■ What to do ■
If a line in the entries below includes "Blue", pick it out and copy it.

──────── Source data

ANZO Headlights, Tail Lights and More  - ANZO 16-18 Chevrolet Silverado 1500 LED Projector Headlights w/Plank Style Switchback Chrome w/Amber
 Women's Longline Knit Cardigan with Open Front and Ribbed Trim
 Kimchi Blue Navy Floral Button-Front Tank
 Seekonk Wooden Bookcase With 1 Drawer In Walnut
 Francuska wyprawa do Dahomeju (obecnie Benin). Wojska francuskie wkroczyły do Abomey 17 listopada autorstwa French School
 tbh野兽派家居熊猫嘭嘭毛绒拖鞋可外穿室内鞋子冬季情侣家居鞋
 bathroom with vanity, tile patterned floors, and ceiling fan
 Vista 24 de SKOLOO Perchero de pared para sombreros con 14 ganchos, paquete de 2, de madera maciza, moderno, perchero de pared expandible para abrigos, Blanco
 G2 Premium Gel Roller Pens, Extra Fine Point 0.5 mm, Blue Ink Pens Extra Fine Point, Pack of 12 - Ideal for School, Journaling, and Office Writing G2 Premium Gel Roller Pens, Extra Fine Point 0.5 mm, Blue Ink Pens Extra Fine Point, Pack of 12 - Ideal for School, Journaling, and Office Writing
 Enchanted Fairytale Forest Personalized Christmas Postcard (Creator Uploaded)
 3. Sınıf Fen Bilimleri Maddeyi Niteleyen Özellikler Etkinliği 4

────────────────

■ Solution for this problem ■
 Kimchi Blue Navy Floral Button-Front Tank
 G2 Premium Gel Roller Pens, Extra Fine Point 0.5 mm, Blue Ink Pens Extra Fine Point, Pack of 12 - Ideal for School, Journaling, and Office Writing G2 Premium Gel Roller Pens, Extra Fine Point 0.5 mm, Blue Ink Pens Extra Fine Point, Pack of 12 - Ideal for School, Journaling, and Office Writing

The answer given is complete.